Querida Julie, muito importante tem sido o intenso trabalho por você desenvolvido, nestes últimos meses, de organização e divulgação da literatura indígena brasileira. A quarentena por coronavírus caiu justamente em abril, que para os parentes que moram nas cidades tem se tornado o mês propício para promover e participar das mais variadas atividades culturais. Achei genial sua decisão de utilizar os canais telemáticos para assegurar, de alguma forma, a continuidade do Abril Indígena. A iniciativa pode não ter suprido os prejuízos econômicos produzidos pela quarentena, porém deu visibilidade aos escritores que você entrevistou, difundiu seus pensamentos, valorizou suas produções; portanto acredito que isso, pelo menos, os gratificou e animou bastante.
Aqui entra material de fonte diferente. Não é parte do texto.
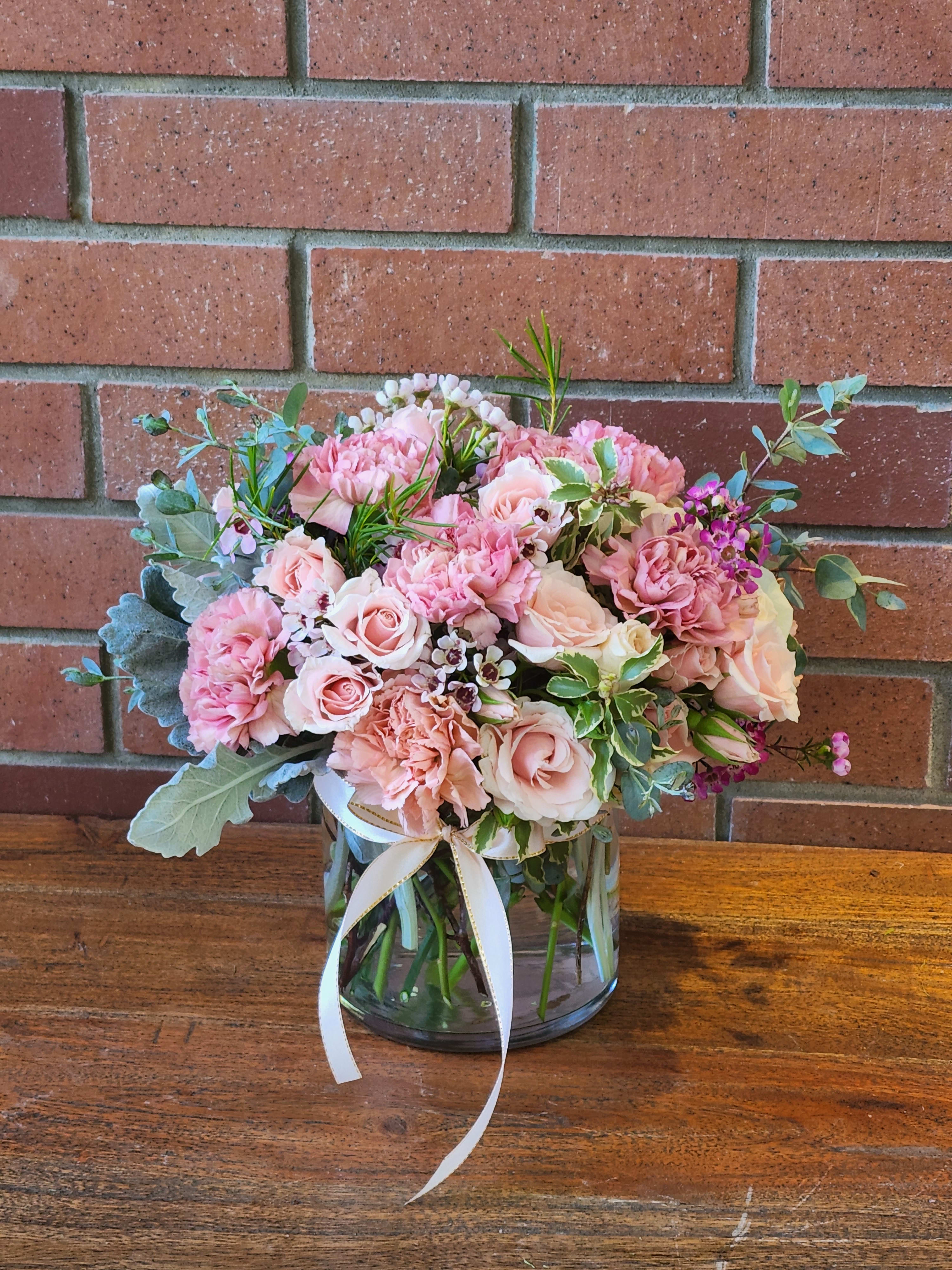 Pink and blush bouquet in a glass vase with a white ribbon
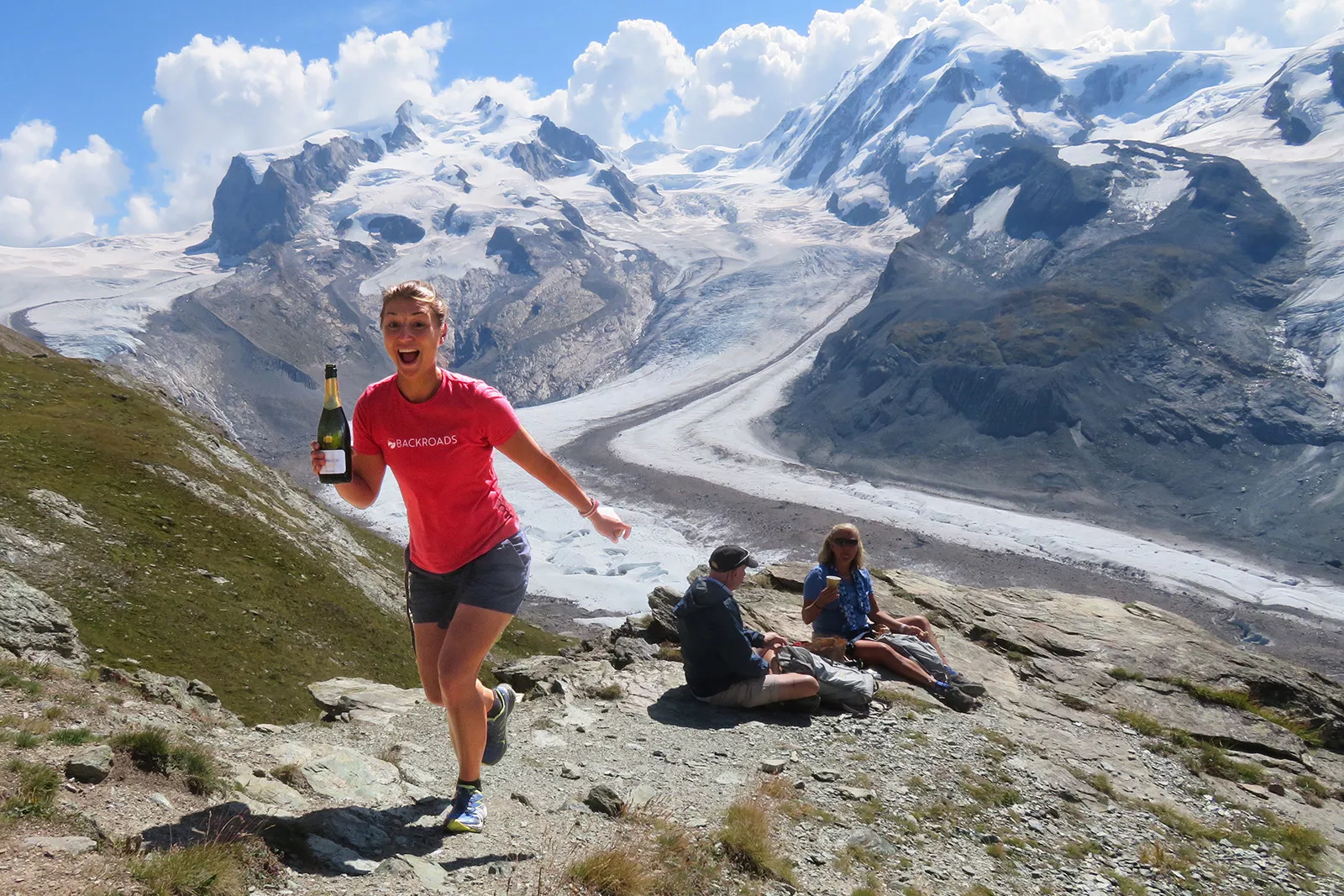 Woman holding a bottle of wine ascending a mountain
As pessoas que acompanharam as entrevistas, que nem eu, só podem agradecer, pois tivemos acesso a uma vasta gama de reflexões, informações, subsídios, sugestões.
Há anos acompanho o movimento dos escritores indígenas brasileiros. Meu interesse foi despertado por uma entrevista que Daniel Munduruku concedeu em janeiro de 2013 a Fernanda Faustino para a Global Editora. As palavras do filósofo e escritor munduruku capturaram minha atenção. Achando elas profundas e originais, as guardei dentro de mim até que, um belo dia, me obrigaram a traduzi-las e divulga-las. A versão em italiano da entrevista foi publicada em outubro de 2013, no número 53 da Sagarana, revista de literatura fundada na Itália pelo saudoso escritor carioca Júlio Monteiro Martins. O projeto coletivo idealizado por Daniel Munduruku, que tem motivado vocês autores indígenas a escreverem suas histórias e as histórias de seus povos, é um marco fundamental na formação da literatura indígena contemporânea brasileira. Alguns meses atrás comecei a pensar que aquilo que estava faltando era uma pessoa que tivesse o coração generoso e a mente brilhante do Daniel para valorizar a produção das mulheres indígenas, produção bem menos visível e organizada daquela dos homens. Aí chegou a notícia de sua colaboração com a Livraria Maracá, especializada em literatura indígena, na criação da necessária secção dedicada às escritoras e intitulada “Leia mulheres indígenas”.
Quero concluir esta carta evidenciando mais uma vez, querida Julie, que acho seu trabalho fundamental, importante demais. A palavra cria. Modificando os termos habitualmente usados, estamos modificando a própria realidade. O Brasil é um país multiétnico, evidência essa consagrada na Constituição de 1988, cuja elaboração os povos indígenas participaram criativamente através de seus representantes. Na época muitos deles não utilizavam a modalidade da escrita para afirmar valores, porém seus pensamentos cristalinos, suas reivindicações firmes, suas palavras orais, fizeram com que direitos étnicos fossem assegurados. A reconstrução da identidade nacional passa agora pela luta de vocês pensadores, escritores e artistas, pois sem os indígenas o Brasil não existe.